Work task: Every line below from the one containing "Zenith H25F34DT Series" through the one containing "Ombre Foil Balloon" is to be printed exactly, with the pictures omitted.

*** Material for this exercise

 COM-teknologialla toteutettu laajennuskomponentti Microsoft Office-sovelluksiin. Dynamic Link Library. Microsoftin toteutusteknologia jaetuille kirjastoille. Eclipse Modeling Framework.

******
*** Material for this exercise

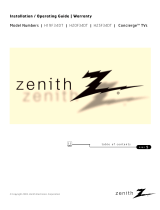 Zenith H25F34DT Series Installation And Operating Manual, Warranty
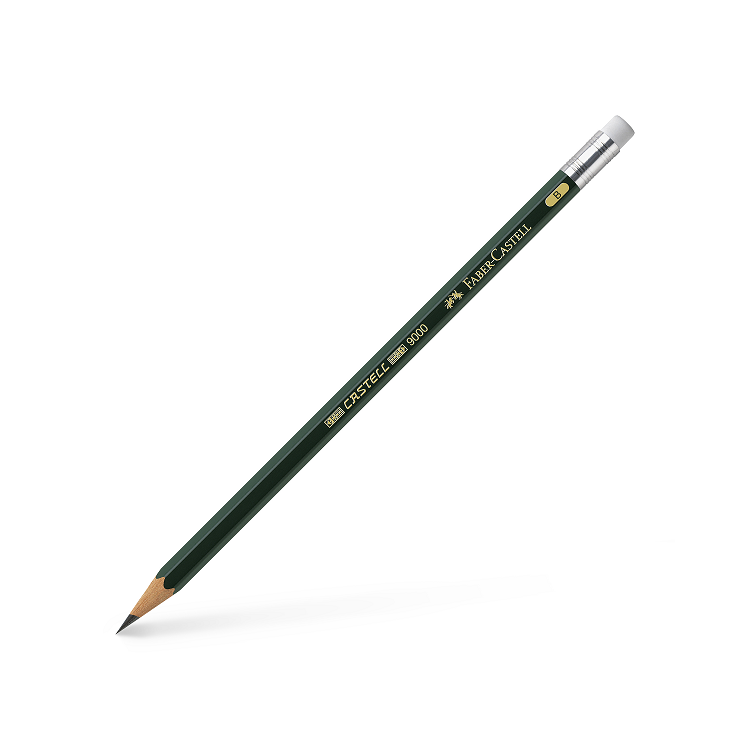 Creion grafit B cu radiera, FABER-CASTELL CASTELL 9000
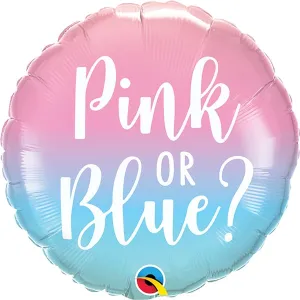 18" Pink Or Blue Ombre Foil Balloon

******

Response area:
 Zenith H25F34DT Series Installation And Operating Manual, Warranty
 Creion grafit B cu radiera, FABER-CASTELL CASTELL 9000
 18" Pink Or Blue Ombre Foil Balloon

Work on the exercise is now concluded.